# Scraped caption text data:
Segment Open
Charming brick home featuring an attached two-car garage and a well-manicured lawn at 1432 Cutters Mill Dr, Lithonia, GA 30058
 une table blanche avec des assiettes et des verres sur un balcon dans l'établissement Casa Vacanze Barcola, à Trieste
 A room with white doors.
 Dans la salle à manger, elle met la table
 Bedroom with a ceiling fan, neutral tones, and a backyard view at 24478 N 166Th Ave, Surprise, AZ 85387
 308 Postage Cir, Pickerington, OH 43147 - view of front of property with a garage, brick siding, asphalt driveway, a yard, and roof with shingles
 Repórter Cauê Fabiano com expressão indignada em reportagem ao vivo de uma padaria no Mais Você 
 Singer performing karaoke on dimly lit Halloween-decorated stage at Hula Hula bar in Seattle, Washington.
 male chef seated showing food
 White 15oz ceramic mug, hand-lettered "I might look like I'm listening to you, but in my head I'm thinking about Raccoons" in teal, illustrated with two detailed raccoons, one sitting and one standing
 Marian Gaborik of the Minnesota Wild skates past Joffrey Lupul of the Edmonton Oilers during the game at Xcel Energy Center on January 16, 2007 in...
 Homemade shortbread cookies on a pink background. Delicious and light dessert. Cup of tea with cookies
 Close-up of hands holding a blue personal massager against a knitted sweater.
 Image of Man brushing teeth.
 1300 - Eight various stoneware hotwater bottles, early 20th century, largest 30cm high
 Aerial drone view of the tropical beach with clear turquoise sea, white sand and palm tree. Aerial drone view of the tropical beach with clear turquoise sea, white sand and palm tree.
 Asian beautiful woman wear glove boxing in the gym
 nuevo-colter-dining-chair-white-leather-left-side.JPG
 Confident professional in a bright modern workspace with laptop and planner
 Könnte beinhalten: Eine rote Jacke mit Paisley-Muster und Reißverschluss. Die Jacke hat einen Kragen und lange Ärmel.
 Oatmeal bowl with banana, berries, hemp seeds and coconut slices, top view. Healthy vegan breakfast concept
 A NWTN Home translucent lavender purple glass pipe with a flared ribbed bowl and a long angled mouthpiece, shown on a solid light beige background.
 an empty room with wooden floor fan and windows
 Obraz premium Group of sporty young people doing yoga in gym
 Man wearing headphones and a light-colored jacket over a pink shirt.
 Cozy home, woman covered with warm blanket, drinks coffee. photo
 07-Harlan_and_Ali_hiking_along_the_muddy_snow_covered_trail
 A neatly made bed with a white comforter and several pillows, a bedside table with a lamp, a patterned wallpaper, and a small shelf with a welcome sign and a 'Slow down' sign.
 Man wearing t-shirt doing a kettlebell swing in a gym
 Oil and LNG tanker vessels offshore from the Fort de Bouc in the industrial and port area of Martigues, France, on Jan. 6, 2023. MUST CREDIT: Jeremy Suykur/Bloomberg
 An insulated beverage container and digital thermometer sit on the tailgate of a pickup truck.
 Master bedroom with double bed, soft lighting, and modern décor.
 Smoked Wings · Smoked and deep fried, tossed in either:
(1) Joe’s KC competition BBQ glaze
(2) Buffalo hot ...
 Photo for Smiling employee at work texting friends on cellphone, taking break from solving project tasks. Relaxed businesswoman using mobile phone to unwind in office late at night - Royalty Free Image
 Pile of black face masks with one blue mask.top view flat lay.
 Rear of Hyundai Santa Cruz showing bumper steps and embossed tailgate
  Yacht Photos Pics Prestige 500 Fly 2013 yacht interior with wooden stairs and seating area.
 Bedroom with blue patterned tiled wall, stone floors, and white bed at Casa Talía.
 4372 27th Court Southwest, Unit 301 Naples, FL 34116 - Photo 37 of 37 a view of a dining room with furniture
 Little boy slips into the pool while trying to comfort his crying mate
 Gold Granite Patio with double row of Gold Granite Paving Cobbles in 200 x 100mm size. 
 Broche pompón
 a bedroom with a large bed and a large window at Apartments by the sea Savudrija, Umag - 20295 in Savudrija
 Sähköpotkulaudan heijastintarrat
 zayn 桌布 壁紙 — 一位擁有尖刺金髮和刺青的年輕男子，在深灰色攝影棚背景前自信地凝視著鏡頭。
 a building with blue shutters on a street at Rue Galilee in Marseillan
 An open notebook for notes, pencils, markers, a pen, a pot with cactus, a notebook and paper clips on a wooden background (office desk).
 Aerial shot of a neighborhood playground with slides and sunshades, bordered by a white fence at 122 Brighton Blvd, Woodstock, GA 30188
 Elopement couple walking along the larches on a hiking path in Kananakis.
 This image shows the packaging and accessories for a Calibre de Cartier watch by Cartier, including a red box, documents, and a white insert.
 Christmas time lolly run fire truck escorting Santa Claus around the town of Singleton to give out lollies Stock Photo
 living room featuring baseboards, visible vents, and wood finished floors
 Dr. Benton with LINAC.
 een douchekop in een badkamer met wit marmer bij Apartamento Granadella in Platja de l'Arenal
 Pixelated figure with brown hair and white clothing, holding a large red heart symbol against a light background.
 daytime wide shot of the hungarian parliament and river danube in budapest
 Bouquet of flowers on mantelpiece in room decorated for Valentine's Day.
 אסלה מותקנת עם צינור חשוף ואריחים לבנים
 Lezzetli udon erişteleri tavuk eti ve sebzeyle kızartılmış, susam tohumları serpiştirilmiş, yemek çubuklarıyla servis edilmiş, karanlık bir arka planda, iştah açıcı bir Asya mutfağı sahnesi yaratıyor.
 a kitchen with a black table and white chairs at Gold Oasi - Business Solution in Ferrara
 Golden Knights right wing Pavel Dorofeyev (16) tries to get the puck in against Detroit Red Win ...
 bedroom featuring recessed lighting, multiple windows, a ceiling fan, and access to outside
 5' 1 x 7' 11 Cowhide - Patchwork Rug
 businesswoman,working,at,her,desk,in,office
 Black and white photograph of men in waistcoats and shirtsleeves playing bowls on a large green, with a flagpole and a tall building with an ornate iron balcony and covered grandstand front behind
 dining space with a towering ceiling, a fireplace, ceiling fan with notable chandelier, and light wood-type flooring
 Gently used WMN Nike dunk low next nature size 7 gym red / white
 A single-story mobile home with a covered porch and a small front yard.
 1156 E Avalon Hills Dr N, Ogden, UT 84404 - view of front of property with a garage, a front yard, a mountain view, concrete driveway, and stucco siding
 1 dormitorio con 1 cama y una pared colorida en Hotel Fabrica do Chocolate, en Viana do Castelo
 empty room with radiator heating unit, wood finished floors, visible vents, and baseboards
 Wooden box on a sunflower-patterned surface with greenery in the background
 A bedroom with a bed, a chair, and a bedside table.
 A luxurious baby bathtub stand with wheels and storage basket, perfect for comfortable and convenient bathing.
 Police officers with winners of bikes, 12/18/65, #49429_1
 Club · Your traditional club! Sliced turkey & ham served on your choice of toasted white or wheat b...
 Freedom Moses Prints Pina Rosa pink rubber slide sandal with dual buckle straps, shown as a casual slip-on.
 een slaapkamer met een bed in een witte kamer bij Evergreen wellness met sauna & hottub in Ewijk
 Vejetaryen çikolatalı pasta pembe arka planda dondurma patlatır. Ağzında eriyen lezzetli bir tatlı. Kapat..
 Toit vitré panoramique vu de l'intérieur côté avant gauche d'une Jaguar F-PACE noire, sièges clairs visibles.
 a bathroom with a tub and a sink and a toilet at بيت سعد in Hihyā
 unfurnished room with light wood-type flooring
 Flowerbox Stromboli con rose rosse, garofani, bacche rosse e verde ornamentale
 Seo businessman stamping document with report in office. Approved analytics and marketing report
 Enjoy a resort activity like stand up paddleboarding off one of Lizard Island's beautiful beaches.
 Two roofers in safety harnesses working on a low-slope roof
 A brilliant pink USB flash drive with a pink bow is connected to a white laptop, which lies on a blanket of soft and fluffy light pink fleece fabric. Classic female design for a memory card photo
Segment Closed
# Work instruction:
What you give back should be exactly the lines of the data above from the line with "Oatmeal bowl with" through the line with "An insulated beverage", both of those included, and nothing more.

# Exercise response:
 Oatmeal bowl with banana, berries, hemp seeds and coconut slices, top view. Healthy vegan breakfast concept
 A NWTN Home translucent lavender purple glass pipe with a flared ribbed bowl and a long angled mouthpiece, shown on a solid light beige background.
 an empty room with wooden floor fan and windows
 Obraz premium Group of sporty young people doing yoga in gym
 Man wearing headphones and a light-colored jacket over a pink shirt.
 Cozy home, woman covered with warm blanket, drinks coffee. photo
 07-Harlan_and_Ali_hiking_along_the_muddy_snow_covered_trail
 A neatly made bed with a white comforter and several pillows, a bedside table with a lamp, a patterned wallpaper, and a small shelf with a welcome sign and a 'Slow down' sign.
 Man wearing t-shirt doing a kettlebell swing in a gym
 Oil and LNG tanker vessels offshore from the Fort de Bouc in the industrial and port area of Martigues, France, on Jan. 6, 2023. MUST CREDIT: Jeremy Suykur/Bloomberg
 An insulated beverage container and digital thermometer sit on the tailgate of a pickup truck.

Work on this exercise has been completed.